A Few Quibbles With the Branch Meeting

If I had a criticism of the DSA branch meeting, it was the attempt to insert an educational speaker in the middle of the organizing meeting, in this case a talk on environmental justice and socialism. While I understand the goal of keeping a focus on ideas in the middle of the “business” of the meeting, it’s hard to do a talk at a general meeting that is not either too basic for some experienced folks or too esoteric for others. I generally think left education is better done at separate meetings or possibly as an optional add-on once the business part of the meeting is done. And I do think formal debates, where the focus is on active intellectual or strategic differences is more engaging for such a meeting than a stand-alone single speaker in general.

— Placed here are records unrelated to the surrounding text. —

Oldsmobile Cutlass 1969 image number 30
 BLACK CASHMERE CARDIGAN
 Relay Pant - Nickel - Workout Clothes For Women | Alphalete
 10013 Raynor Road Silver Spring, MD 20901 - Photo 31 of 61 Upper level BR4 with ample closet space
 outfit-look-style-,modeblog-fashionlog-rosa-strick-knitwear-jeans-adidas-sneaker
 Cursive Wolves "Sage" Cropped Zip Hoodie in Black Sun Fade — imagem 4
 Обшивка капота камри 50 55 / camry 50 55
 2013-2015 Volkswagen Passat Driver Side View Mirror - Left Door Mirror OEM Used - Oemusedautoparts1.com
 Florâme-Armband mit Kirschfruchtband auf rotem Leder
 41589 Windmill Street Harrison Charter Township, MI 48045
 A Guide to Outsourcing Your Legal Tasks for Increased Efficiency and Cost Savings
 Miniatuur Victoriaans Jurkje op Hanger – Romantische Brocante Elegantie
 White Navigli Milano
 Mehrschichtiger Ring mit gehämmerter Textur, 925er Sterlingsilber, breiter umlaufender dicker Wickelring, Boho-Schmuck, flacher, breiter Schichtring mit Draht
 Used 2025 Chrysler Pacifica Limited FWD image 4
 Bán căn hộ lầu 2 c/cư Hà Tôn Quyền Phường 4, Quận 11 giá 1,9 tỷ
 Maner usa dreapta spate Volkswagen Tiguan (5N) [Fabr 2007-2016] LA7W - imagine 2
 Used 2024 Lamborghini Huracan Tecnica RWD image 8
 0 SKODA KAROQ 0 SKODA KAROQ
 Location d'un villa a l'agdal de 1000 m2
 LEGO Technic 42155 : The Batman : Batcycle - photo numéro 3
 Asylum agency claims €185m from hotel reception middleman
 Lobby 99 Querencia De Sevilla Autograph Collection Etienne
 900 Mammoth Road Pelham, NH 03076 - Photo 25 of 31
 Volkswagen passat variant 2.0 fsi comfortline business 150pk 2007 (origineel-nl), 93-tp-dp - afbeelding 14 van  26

I’d rather have seen that time used for breakout sessions to plan specific work, since, while there were signup sheets for all the different chapter work announced, I’m a great believer in having anyone showing up at a meeting leave with a specific task to do. There could easily be short work sessions built around some of the issue working groups or around even more local neighborhood focused outreach. Including all of the Bronx and Northern Manhattan in a single branch still means it’s covering over two million people, so eventually, if successful, the branch will need to break up into multiple, even more local chapters. I had to travel 40 minutes on multiple trains to get to this meeting, so I look forward to when there is a Washington Heights chapter only a quick bike ride away from my own home.

Looking Towards the Future

But those small quibbles aside, the meeting was vibrant with lots of different people taking leadership roles and clear energy to get things done. And even better, the meeting ended with everyone migrating to another room with music and a free bar where people could drink and talk.

It is no small thing to have a membership organization of 20,000 avowed democratic socialists growing rapidly across the country. If it can grow another order of magnitude and better expand its internal racial diversity, DSA could easily become one of the key organizational vehicles where activists across the country can debate key issues and promote a shared strategy for radical change.

I had originally hoped that the Sanders campaign would build that vehicle, thinking DSA’s day had passed, but DSA smartly took advantage of the Sanders upsurge to revitalize itself. And with the Sanders-created “Our Revolution” organization lacking internal democratic structures, DSA has ended up the only national structure where individual activists actually can have a voice and a vote for leadership in a large socialist-oriented organization along the line of Sanders-style politics - with a bit more recognition than Sanders himself that anti-racism politics must be a more central part of any socialist-oriented platform.

That individual vote by members controlling the organization is no small thing. There really are very few multi-issue national organizations, socialist or not, working on such a wide variety of issues where the leadership is elected by the membership. Labor unions do this to a certain extent but you can’t walk off the street and join if there isn’t one in your workplace – that lack being a sad reality for most of the population. There are a few venerable organizations like the NAACP and the Sierra Club with real membership and an elected board of directors, but national, membership-controlled organizations are surprisingly scarce on the progressive landscape. So DSA being a place where anyone can pay their dues and have a vote on its leadership and its organizational direction gives it a mostly unique role in the current progressive array of national organizations.

More than 116 years after Eugene Debs founded the Socialist Party of America, the future of socialism in the US may be reemerging from its lineal descendant. It’s early and DSA self-admittedly needs to grow significantly both in numbers and diversity to warrant that hope fully, but it seems to be making the right decisions and engaging activists in the right ways to make that role a real possibility.